That's it — not performance quota increases, but capacity quota increases! To scale a bunch, we need to create a bunch of instances. These are quotas that everybody should be able to get without too much work. Unless explicitly stated, these are all the quota increases I got.

Testing setup

Based on the previous tests in 2020 and 2021, we will scale up to 3 500 containers, as fast as possible: we'll force scaling, by manually changing the desired number of containers from 1 to 3 500.
I think this keeps a good balance: we're not scaling to a small number, but we're not wasting resources scaling to millions of containers. By forcing the scaling, we're eliminating a lot of complexity: there is a ridiculous number of ways to scale containers! We're avoiding going down some complex rabbit holes: no talking about optimizing CloudWatch or AWS Autoscaling intervals and reaction times, no stressing about the granularity at which the application exposes metrics, no optimizing the app → Prometheus Push Gateway → Prometheus → Metrics Server flow, we're blissfully ignoring many complexities. For an application to actually scale up, we first must detect that scaling is required (that can happen with a multitude of tools, from CloudWatch Alarms to KEDA to custom application events), we must then decide how much we have to scale (which can again be complex logic — is it a defined step or is it dynamic?), we then have to actually scale up (how is new capacity added and how does it join the cluster?), and finally we have to gracefully utilize that capacity (how are new instances connected to load balancers, how do new instances impact the scaling metrics?). This whole process can be very complex and it is often application-specific and company-specific. We want results that are relevant to everybody, so we will ignore all this and focus on how quickly we can get new capacity from AWS.

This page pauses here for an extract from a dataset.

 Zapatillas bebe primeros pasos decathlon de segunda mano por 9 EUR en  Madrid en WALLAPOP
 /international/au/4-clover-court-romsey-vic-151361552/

We will run all the tests in AWS' North Virginia region (us-east-1), as we've seen in previous years that different AWS regions have the same performance levels. No need to also run the tests in South America, Europe, Middle East, Africa, and Asia Pacific too.

In terms of networking, each test that requires a networking setup will use a dedicated VPC spanning four availability zones (use1-az1, use1-az4, use1-az5, and use1-az6), and all containers will be created across four private /16 subnets. For increased performance and lower cost, each VPC will use three VPC Endpoints: S3 Gateway, ECR API, and ECR Docker API.

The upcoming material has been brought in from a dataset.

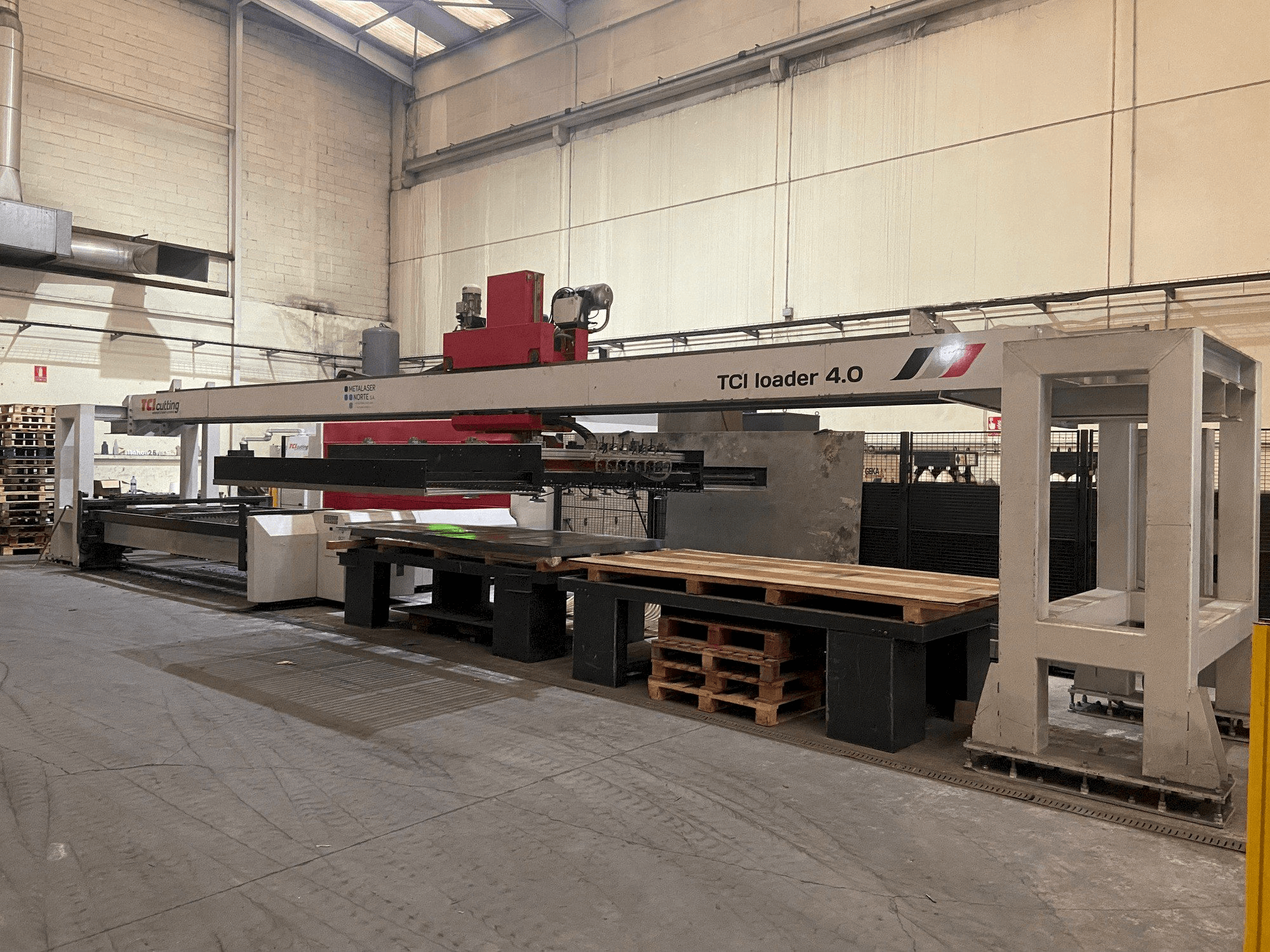 Vista Frontal da TCI Smartline Fiber 4020 máquina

In terms of servers, for the tests that require servers, we will use the latest and the greatest: AWS' c6g.4xlarge EC2 instances.
In the previous years, we used c5.4xlarge instances, but the landscape has evolved since then. Ideally, we'd like to keep the same server size to accurately compare results between 2020 and 2021 and 2022.
This year we have 2 options: c6i.4xlarge which are Intel-based servers with 32 GBs of memory and 16 vCPUs or c6g.4xlarge which are ARM-based servers using AWS' Graviton 2 processors with 32 GBs of memory and 16 vCPUs. AWS also announced the next-generation Graviton 3 processors and c7g servers, but those are only available in limited preview. Seeing how 16 Graviton vCPUs are both faster and cheaper than 16 Intel vCPUs, c6g.4xlarge sounds like the best option, so that's what we will use for our EC2 instances. To further optimize our costs, we will use EC2 Spot Instances which are up to 90% cheaper than On-demand EC2 instances. More things have to happen on the AWS side when a Spot Instance is requested, but the scaling impact should not be significant and the cost savings are a big draw.

The operating system landscape has evolved too. In previous years we used the default Amazon Linux 2 operating system, but in late 2020, Amazon launched an open-source operating system focused on containers: Bottlerocket OS. Since then, Bottlerocket matured and grew into an awesome operating system! Seeing how Bottlerocket OS is optimized for containers, we'll run Bottlerocket as the operating system on all our EC2 servers.

How should we measure how fast containers scale?
In the past years, we used CloudWatch Container Insights, but that won't really work this year: the best metrics we can get are minute-level metrics. Last year we had services scale from 1 to 3 500 in a couple minutes and with minute-level data we won't get proper insights, will we?
To get the most relevant results, I decided we should move the measurement directly in the container: the application running in the container should record the time it started at! That will give us the best metric: we will know exactly when the container has started.
In the past years, we used the poc-hello-world/namer-service application: a small web application that returns hello world. For this year, I extended the code a bit based on our idea: as soon as the application starts, it records the time it started at! It then does the normal web stuff — configuring a couple web routes using the Flask micro-framework.
Besides the timestamp, the application also records details about the container (name, unique id, and whatever else was easily available) and sends all this data synchronously to Honeycomb and asynchronously to CloudWatch Logs — by using two providers we are protected in case of failure or errors. We'll use Honeycomb as a live-UI with proper observability that allows us to explore, and CloudWatch Logs as the definitive source of truth.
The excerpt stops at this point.